Bild: Mal wieder keine Buchmesse wie im Wendejahr 1990: Leipig, 19 Jahre späte…
Man stelle sich vor, eine Messe wird überraschend zum Treffpunkt von Ost
und West. An den Ständen werden Verträge geschlossen, Lizenzen gehandelt,
Geschäfte gemacht wie in all den Jahrzehnten zuvor insgesamt nicht. Doch
vor allem kommt ein großes Gespräch in Gang, wie es überhaupt mit diesem
Land weitergehen soll. Denn alles scheint plötzlich offen, alles möglich
geworden.
Auf der Leipziger Buchmesse jedenfalls war das Realität - nicht in den
vergangenen Tagen, sondern auf der von 1990.

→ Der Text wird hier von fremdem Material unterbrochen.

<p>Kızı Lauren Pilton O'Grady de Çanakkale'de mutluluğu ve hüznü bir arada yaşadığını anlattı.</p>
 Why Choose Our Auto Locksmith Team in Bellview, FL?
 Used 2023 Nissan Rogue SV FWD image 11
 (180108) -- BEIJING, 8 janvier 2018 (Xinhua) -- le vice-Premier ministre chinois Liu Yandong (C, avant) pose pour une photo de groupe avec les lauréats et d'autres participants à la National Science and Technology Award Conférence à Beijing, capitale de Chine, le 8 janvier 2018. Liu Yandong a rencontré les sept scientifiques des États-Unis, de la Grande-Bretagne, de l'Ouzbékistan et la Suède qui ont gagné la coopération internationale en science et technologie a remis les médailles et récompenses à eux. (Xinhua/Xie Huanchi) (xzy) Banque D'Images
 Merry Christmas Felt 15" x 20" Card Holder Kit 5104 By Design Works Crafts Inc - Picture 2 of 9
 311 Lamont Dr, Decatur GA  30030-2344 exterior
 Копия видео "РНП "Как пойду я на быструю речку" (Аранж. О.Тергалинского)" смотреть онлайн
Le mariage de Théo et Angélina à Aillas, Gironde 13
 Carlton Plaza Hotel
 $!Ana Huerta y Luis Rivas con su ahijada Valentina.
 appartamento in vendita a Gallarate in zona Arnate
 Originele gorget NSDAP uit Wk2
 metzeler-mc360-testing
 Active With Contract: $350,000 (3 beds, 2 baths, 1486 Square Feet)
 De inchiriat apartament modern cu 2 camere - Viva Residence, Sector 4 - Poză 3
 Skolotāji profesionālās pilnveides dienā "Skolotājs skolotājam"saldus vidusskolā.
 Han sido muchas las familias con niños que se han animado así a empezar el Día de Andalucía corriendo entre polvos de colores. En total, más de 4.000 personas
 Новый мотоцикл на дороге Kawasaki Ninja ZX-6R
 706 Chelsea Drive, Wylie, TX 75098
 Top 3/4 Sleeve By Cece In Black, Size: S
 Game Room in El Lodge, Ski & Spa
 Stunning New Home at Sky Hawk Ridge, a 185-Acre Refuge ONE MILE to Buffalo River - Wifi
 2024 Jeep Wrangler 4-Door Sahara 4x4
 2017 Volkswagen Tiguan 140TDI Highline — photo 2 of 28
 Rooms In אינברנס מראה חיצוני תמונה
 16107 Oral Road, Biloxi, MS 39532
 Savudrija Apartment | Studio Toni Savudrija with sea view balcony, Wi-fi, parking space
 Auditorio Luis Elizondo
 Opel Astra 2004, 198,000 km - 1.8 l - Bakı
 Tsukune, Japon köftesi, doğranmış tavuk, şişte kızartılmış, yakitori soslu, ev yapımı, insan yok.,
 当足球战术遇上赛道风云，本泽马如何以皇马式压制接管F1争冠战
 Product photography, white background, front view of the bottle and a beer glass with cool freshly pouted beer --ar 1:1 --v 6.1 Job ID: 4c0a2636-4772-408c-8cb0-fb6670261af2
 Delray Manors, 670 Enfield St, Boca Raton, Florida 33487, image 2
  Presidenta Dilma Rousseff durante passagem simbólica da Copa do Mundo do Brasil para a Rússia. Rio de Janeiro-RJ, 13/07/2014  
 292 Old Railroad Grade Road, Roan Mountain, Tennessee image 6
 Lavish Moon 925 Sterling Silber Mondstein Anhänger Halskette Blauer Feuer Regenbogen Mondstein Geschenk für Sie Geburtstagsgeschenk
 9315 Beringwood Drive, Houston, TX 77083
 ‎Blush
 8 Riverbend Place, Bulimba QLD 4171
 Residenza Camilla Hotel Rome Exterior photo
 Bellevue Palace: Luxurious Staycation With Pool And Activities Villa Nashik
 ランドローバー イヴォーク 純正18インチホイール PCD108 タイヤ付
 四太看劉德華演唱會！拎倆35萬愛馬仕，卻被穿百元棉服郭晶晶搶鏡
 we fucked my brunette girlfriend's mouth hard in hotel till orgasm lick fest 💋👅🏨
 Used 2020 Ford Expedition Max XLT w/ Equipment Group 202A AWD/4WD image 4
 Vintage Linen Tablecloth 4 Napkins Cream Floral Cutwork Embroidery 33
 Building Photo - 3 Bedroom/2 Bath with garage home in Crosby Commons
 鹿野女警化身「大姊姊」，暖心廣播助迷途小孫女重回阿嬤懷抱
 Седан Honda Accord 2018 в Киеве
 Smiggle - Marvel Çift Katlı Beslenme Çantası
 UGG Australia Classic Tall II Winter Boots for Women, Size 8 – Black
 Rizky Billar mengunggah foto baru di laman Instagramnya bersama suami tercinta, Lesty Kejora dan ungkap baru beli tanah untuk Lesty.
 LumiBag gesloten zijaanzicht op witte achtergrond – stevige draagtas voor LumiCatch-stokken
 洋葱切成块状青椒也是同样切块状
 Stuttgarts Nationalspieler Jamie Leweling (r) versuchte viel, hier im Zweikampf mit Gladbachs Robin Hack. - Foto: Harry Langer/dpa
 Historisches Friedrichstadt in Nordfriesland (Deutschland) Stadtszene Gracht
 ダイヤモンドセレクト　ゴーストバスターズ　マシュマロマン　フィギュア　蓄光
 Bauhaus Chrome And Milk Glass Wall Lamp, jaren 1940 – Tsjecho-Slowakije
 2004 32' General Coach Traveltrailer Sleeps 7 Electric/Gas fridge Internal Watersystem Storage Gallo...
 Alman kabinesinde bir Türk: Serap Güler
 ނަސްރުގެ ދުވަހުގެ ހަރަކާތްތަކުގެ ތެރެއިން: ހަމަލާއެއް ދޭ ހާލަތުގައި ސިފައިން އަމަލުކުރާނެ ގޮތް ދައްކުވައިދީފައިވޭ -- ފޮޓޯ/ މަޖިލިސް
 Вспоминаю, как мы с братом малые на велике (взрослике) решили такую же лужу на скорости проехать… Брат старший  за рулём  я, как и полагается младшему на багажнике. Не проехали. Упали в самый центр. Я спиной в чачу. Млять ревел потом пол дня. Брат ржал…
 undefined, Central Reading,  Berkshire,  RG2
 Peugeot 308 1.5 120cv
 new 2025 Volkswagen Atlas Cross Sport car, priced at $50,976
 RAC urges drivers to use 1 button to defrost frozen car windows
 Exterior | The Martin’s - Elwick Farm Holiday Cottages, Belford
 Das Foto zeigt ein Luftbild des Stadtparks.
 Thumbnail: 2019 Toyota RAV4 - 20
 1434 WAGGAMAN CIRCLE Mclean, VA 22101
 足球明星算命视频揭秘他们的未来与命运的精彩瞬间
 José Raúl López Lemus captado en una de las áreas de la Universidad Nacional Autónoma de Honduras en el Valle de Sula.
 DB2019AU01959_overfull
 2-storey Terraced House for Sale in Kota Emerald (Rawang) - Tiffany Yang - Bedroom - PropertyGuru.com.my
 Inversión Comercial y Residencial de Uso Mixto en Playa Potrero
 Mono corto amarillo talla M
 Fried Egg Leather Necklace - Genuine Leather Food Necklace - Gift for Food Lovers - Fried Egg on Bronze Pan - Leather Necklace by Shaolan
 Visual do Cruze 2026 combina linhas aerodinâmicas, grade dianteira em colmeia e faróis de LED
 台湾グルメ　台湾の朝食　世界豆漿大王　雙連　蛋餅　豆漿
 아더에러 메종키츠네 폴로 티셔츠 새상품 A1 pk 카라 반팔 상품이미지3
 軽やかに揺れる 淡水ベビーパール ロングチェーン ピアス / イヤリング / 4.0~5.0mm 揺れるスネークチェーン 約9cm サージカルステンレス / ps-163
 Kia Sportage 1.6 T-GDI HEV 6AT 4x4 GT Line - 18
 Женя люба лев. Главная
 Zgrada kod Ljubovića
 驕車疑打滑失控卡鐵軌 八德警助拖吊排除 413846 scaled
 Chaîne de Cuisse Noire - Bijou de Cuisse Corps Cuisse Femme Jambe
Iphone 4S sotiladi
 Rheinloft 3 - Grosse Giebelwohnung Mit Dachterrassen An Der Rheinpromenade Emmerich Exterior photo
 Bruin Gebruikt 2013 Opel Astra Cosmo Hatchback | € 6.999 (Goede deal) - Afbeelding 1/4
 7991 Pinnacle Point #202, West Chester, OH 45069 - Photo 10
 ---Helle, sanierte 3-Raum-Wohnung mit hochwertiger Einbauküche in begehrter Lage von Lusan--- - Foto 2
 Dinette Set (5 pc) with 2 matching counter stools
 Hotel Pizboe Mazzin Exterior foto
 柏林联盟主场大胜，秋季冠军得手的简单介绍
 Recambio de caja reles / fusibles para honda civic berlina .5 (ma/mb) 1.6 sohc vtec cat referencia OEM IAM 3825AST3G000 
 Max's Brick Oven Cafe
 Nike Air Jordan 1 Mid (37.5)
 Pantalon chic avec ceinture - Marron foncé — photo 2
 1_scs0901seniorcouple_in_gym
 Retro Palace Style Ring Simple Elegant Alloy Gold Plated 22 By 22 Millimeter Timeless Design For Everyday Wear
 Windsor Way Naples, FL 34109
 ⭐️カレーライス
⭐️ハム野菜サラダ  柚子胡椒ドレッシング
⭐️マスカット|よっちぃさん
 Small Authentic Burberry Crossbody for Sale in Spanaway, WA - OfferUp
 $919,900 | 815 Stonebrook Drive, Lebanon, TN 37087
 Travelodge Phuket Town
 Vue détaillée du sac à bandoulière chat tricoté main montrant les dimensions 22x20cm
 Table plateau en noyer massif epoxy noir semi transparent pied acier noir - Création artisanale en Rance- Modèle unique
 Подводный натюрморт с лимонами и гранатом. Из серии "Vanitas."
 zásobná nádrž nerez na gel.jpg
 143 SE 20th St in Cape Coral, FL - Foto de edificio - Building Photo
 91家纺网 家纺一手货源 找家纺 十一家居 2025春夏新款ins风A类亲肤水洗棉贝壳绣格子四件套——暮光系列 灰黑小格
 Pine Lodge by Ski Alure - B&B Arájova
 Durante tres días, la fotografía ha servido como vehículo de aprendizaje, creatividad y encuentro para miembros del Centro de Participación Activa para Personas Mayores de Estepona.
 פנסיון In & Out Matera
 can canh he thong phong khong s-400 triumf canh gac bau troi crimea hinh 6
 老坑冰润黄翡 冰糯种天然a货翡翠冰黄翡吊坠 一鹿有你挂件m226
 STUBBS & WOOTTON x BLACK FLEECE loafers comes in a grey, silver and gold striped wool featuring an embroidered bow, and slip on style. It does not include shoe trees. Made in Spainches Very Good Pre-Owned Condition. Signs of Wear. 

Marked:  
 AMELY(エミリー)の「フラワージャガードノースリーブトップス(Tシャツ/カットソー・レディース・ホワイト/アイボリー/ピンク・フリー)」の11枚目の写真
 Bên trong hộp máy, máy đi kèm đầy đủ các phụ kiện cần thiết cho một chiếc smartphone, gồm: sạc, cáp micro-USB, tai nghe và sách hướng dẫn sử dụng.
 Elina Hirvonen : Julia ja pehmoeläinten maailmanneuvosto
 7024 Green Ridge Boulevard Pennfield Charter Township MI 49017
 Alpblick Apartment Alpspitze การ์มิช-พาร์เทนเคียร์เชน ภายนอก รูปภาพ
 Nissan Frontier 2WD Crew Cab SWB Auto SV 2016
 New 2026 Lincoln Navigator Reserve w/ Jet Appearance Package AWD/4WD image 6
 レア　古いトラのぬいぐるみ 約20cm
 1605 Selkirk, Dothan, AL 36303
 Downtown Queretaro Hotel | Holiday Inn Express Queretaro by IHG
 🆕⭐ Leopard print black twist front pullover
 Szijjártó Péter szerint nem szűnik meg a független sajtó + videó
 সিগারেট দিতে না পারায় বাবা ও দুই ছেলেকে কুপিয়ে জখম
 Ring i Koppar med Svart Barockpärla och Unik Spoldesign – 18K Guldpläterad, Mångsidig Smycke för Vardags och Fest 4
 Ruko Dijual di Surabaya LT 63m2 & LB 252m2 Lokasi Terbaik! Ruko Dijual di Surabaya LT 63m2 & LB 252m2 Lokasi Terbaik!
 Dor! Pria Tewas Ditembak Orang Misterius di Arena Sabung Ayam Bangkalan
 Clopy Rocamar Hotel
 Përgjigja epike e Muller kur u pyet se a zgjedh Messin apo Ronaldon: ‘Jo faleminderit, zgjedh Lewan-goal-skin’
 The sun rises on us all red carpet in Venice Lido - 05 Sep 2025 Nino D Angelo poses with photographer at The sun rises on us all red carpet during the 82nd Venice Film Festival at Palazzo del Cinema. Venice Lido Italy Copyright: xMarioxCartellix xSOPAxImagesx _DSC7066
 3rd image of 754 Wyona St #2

Keine zwanzig Jahre später, im Jubiläumsjahr 2009, wird nun auf "friedliche
Revolution" und Mauerfall vielfach zurückgegriffen. Und wann immer im
Vorfeld Erwartungen an diesen Leipziger Messejahrgang formuliert worden
sind, hatte man den Eindruck, es ginge nicht um ein historisches Datum,
sondern darum, die Wiedervereinigung am authentischen Ort zu wieder-, wenn
nicht nachzuholen.
"Das Jubiläum elektrisiert nicht nur die Ost-, sondern auch die
Westdeutschen", schrieb der Spiegel. "Mag die DDR-Geschichte im allgemeinen
Empfinden nur den Ostdeutschen gehören, so ist das beim Mauerfall anders -
er gehört allen Deutschen."
Und Ingo Schulze hatte vorab in der Süddeutschen Zeitung seinen Verdruss
über Gedenktage bekundet, nur um dann eine Bedeutung des 1989er Geistes für
eine Umorientierung angesichts der gegenwärtigen ökonomischen Krise zu
beschwören. "Die Diskussion, die 1990 nicht geführt wurde, könnte jetzt
stattfinden."
Umgekehrt aber stand auch die Frage, ob sich aus einem rein numerischen,
willkürlichen Anlass überhaupt diskursive, gar literarische Funken schlagen
ließen. Zumal die literarische Wiedervereinigung, wenn man schon in diesen
Kategorien denkt, dann eher vor einem halben Jahr mit Uwe Tellkamps großem
Roman "Der Turm" vollzogen wurde.
Und dies wohl auch deshalb, weil das Buch auf der Shortlist des Deutschen
Buchpreises von Ingo Schulzes Wenderoman "Adam und Evelyn" sowie Marcel
Beyers Geschichtsroman "Kaltenburg" flankiert worden war und in Dietmar
Daths Fantasy-Dystopie "Die Abschaffung der Arten" auf einen ästhetischen
Gegenentwurf getroffen war. Es war Frankfurt, nicht der Osten, von wo aus
"Der Turm" zum gesamtdeutschen Bestseller, wenn nicht zu einem "Volksbuch"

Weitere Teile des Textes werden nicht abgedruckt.